- [The task]: Pictures in the records are to be excluded from an otherwise exact copy.
Source material START
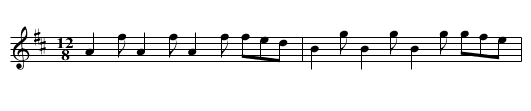 Going to the Well for Water - staff notation
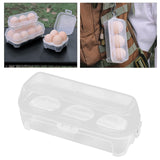 Maxbell 4xEgg Storage Box Organizer Travel Egg Carrying Case Hiking Egg Container Case 3 Grids 15.5x6.5x6cm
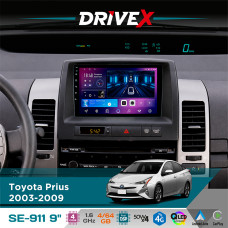 Штатна магнітола для Toyota Prius 2003-2009 DriveX SE-911 4+64Гб QLED 9" Android 4-ядерний 4x50W(TDA7851) DSP бездротовий CarPlay та AndroidAuto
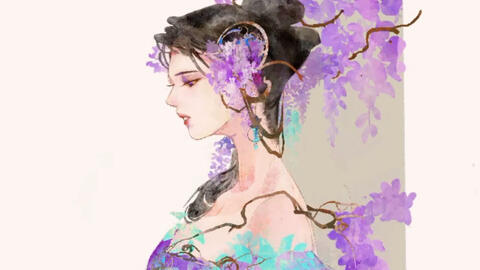 临摹 伊吹五月 侵删 花的部分不同 哔哩哔哩 Bilibili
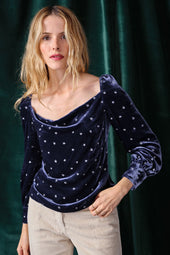 Blouse Coquette Clair Obscur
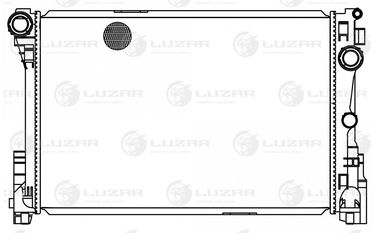 Luzar LRc 1513 Радиатор охл. для а/м Mercedes-Benz c (w204) (07-)/e (w212) (09-) m/7аt - 3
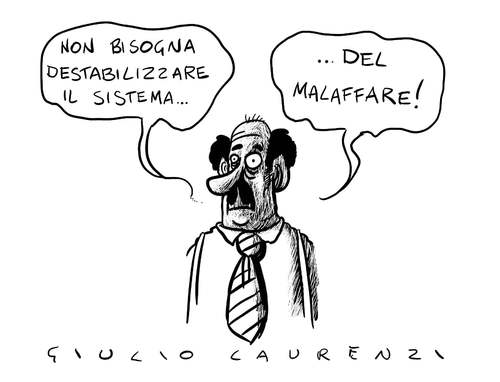 Cartoon: Sistema (medium) by Giulio Laurenzi tagged sistema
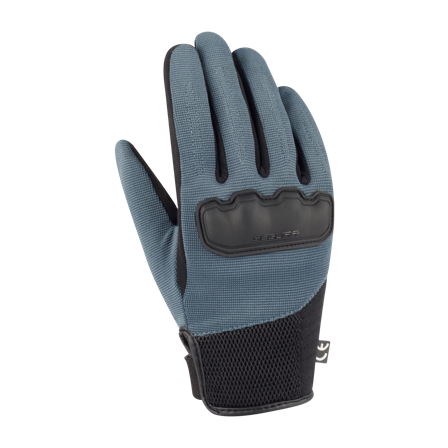Guantes de Moto Mujer Segura Eden Negro/Gris S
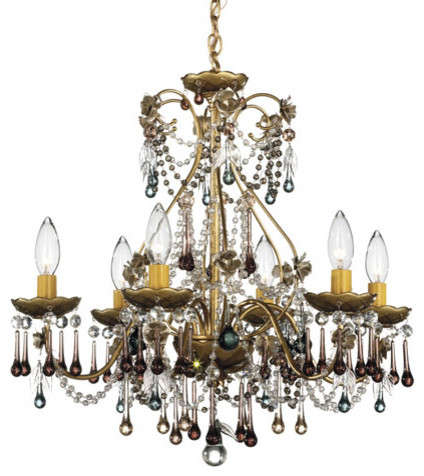 chandeliers traditional lighting heirloom plum 19w chandelier six crystal antique rose gold light ceiling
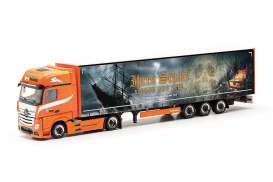 Mercedes Benz  - Actros orange/black - 1:87 - Herpa Trucks - H317450 - herpa317450 | The Diecast Company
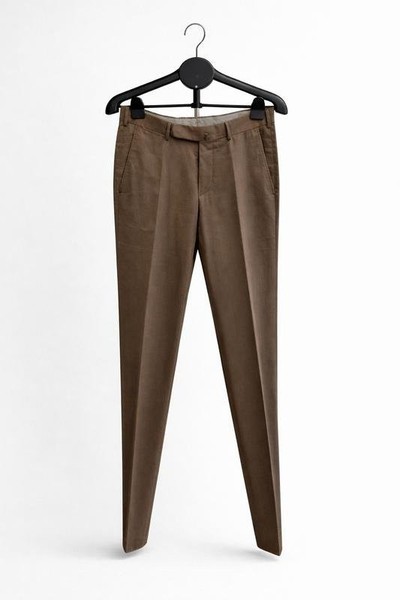 Men Ermenegildo Zegna Trousers Brown 48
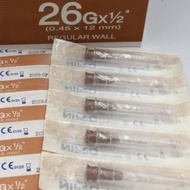 NEEDLE 26G (BROWN) JARUM SUNTIKAN- 1 PIECES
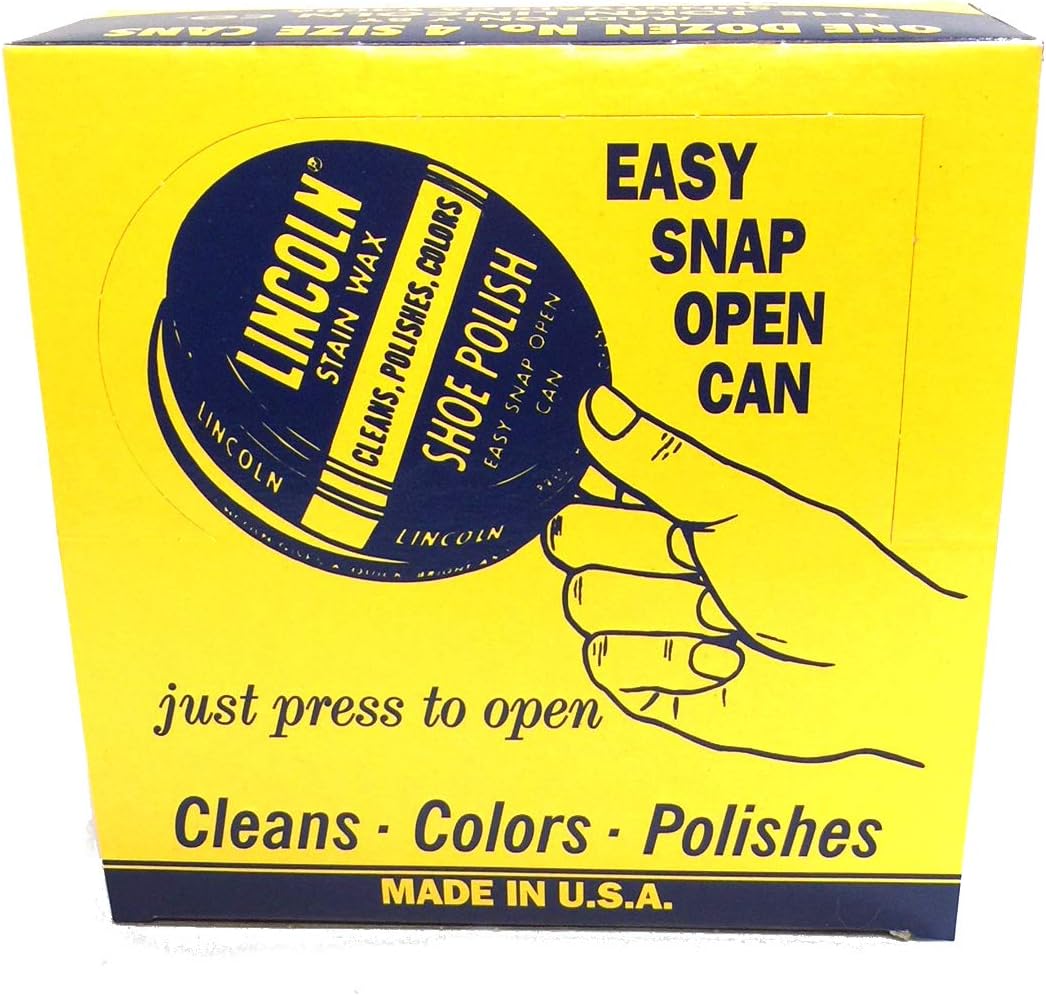 Lincoln Stain Wax, 12-3.5 oz cans (Neutral)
Source material END
- [Response to the task]:
 Going to the Well for Water - staff notation
 Maxbell 4xEgg Storage Box Organizer Travel Egg Carrying Case Hiking Egg Container Case 3 Grids 15.5x6.5x6cm
 Штатна магнітола для Toyota Prius 2003-2009 DriveX SE-911 4+64Гб QLED 9" Android 4-ядерний 4x50W(TDA7851) DSP бездротовий CarPlay та AndroidAuto
 临摹 伊吹五月 侵删 花的部分不同 哔哩哔哩 Bilibili
 Blouse Coquette Clair Obscur
 Luzar LRc 1513 Радиатор охл. для а/м Mercedes-Benz c (w204) (07-)/e (w212) (09-) m/7аt - 3
 Cartoon: Sistema (medium) by Giulio Laurenzi tagged sistema
Guantes de Moto Mujer Segura Eden Negro/Gris S
 chandeliers traditional lighting heirloom plum 19w chandelier six crystal antique rose gold light ceiling
 Mercedes Benz  - Actros orange/black - 1:87 - Herpa Trucks - H317450 - herpa317450 | The Diecast Company
 Men Ermenegildo Zegna Trousers Brown 48
 NEEDLE 26G (BROWN) JARUM SUNTIKAN- 1 PIECES
 Lincoln Stain Wax, 12-3.5 oz cans (Neutral)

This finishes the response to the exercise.